За годы моей университетской жизни семья, в которой я рос и воспитывался, перестала существовать. Умерли мать, старшая сестра и тетка — М. А. Ладыженская. Мой двоюродный брат Гриша переселился в Москву, а вторая сестра вышла замуж за нашего двоюродного брата кн. А. Б. Мещерского. Она вместо матери стала начальницей гимназии и продолжала жить со своей семьей на нашей старой квартире. Жил и я с ней. Мы были очень близки, но все же ее семья перестала быть моей. Ее муж, человек реакционных взглядов, ввел ее снова в те родственные круги, которые покинула моя мать и куда я ни под каким видом возвращаться не хотел. Таким образом, влияние семьи, которое при жизни матери и старшей сестры я сильно на себе ощущал, совершенно прекратилось к концу университетской жизни. В семье моей сестры, женщины исключительно мягкой по характеру и терпимой, продолжали бывать прежние друзья нашей семьи, но круг ее родственников по мужу и других знакомых из реакционного общества петербургской аристократии и бюрократии был мне совершенно чужд. Свои новые знакомства я заводил исключительно в радикальных, социалистических и революционных кругах столицы. Из близких знакомых моей матери я продолжал бывать в семье В. А. Арцимовича, который до моего совершеннолетия вел мои имущественные дела, и в семье Костычевых.

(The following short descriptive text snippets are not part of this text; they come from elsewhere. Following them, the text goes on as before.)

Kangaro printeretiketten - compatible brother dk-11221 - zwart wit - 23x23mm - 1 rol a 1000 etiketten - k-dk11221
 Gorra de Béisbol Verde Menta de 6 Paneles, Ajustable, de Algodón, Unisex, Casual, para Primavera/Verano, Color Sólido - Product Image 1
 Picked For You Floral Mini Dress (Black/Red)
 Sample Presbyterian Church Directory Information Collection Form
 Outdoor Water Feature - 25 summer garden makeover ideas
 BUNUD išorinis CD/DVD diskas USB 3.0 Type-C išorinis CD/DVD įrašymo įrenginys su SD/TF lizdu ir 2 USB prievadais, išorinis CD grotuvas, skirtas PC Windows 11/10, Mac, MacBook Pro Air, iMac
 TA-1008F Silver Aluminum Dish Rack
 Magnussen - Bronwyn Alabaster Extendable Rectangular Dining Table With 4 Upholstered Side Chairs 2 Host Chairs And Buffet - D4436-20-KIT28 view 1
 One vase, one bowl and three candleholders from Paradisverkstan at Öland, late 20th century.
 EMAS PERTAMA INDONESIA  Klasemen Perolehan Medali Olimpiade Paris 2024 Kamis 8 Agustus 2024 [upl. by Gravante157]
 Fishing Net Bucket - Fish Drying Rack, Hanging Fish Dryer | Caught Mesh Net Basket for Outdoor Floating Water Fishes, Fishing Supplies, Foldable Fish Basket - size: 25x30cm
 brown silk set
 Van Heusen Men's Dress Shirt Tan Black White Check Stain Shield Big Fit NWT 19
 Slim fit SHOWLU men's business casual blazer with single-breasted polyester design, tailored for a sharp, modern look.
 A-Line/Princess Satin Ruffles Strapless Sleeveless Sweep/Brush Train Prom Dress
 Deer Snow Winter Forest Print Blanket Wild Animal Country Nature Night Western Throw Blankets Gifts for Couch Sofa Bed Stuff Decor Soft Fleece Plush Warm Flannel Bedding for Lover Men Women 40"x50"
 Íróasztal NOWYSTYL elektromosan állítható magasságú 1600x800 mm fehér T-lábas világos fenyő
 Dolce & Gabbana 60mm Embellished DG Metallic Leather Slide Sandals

В. А. Арцимовича я посещал большею частью по утрам, когда он сидел за письменным столом в своем кабинете, просматривая и подписывая сенатские дела. Он по старой памяти все еще смотрел на меня, как на маленького мальчика и редко разговаривал со мной на серьезные темы. А я любил этого чудеснейшего старика, обвеянного славой деятелей 60-х годов, и любовался им.
Что касается Костычевых, то они стали как бы второй моей семьей. В это время они жили в двух шагах от меня и я значительную часть свободного времени проводил у них. У Костычевых было много знакомых, и на их еженедельных «журфиксах» собиралось человек 15–20. П. А. Костычев хотя и занимал в это время пост директора департамента земледелия, но его бюрократическая карьера не отразилась ни на его политических убеждениях, ни на окружавшей его домашней обстановке. На «журфиксах» у Костычевых бывали либеральные земцы — Родичев, Корсаков, художники — Мясоедов, Забелло, городской голова Лихачев с женой, академик Веселовский, профессора, писатели, учащаяся молодежь. Всегда было очень оживленно. Обсуждались политические события, спорили о литературе, об искусстве. Каждую весну, ко времени открытия передвижной выставки картин приезжал в Петербург Николай Николаевич Ге и всегда останавливался у Костычевых, с которыми еще с молодых лет был в тесных дружеских отношениях.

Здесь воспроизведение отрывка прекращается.